MILWAUKEE -- Whatever uniform they are wearing, Brewers hitters don’t look like themselves these days.

They managed to make things interesting in the ninth inning of Saturday’s 3-1 loss to the Nationals at American Family Field when William Contreras homered and a pair of wild pitches from Washington reliever Clayton Beeter helped Milwaukee load the bases. But Joey Ortiz hit a tapper toward the mound, the Nationals converted the out -- no small thing in this series -- and the Brewers were handed a fourth consecutive loss.

“Some tough ones,” Brewers manager Pat Murphy said. “But you’ve got to get through this period, you’ve got to stay with your team. You’ve got to try to let this be a time that really helps us. We can really show our character when things aren’t going well.”

Things aren’t going well. Washington came into the night with the worst ERA in the National League -- more than a run higher than the next team, the Cardinals -- but has held the Brewers to six hits in the first 18 innings of a series that concludes Sunday afternoon with the Brewers at risk of being swept for the first time since dropping three in a row at Texas last September.

For a microcosm of what’s gone wrong, see the sixth inning on Saturday night. After five hitless innings from Washington starter Foster Griffin, a left-hander who’s back from three years in Japan, the Brewers finally had something cooking when Ortiz led off with a single and Brice Turang walked. But then a team that prides itself in asking, “How can I drag this pitcher to hell with me?” -- quoting Sal Frelick in the Milwaukee Journal Sentinel from the opening homestand -- went down with barely a fight.

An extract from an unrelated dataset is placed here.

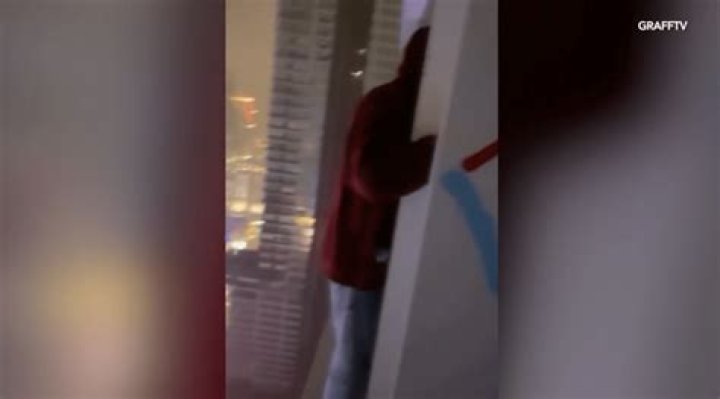 Video shows daredevil tagger on ledge of downtown Los Angeles skyscraper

Luis Rengifo hit an infield pop-out on Griffin’s second pitch.

After right-handed reliever Brad Lord replaced Griffin, Contreras grounded out on the first pitch.

And after Lord intentionally walked Christian Yelich to load the bases, pinch-hitter Jake Bauers grounded out on the first pitch, too.

“Everybody is trying to help the team win in whatever situation we have,” Rengifo said. “You have to stay positive and see what happens in the next game. It’s a tough game. The result is not there, but we have a lot of confidence.

“We have a good group. We will figure it out.”

What happened to Murphy’s “woodpeckers?” They found so many ways to pester opposing pitchers during the final four-plus months of last season and during Milwaukee’s 8-2 start to this season, but now they have lost their last four games while hitting .124 (15-for-121) with three extra-base hits, and going 1-for-23 with runners in scoring position.

During that skid, they have scored in only three of the 36 innings -- on a hit-by-pitch and a run-scoring groundout with the bases loaded on Tuesday in Boston, on Bauers’ three-run homer in the first inning against Washington on Friday, and on Contreras’ home run leading off the ninth inning on Saturday night.

It’s clear the Brewers miss left fielder Jackson Chourio and first baseman Andrew Vaughn, two of their best right-handed hitters who would have featured prominently on a night like Saturday against a left-hander like Griffin. Both are on the injured list after fracturing bones in their left hand, and while Chourio is closer, he’s still several weeks away.

“There’s [been], sporadically, really good at-bats,” Murphy said. “It’s tough when you have high expectations on yourselves. We’ve got some injuries, some inexperience, and guys getting to play that haven’t played full time. You have some guys kind of caught in-between and trying to do a lot.

“It’s common in baseball. It’s not like all of a sudden something crazy has happened. We got off to a good start, we connected at-bats. They are trying to do that. It’s not lack of effort.”

Besides the hitting woes, the Brewers had two pitchers getting checked for knee injuries in the wake of Saturday’s loss. Left-handed starter Kyle Harrison was set for scans of his left knee after absorbing a fastball from first baseman Gary Sánchez on a botched play in the first inning -- the first of Sánchez’s two errors -- and right-hander Brandon Sproat was getting his right knee evaluated after diving for an infield grounder in the seventh.

Injury worries were the last thing the Brewers needed on another tough night.

“I’m not panicking," Murphy said. “I still trust the ballclub.”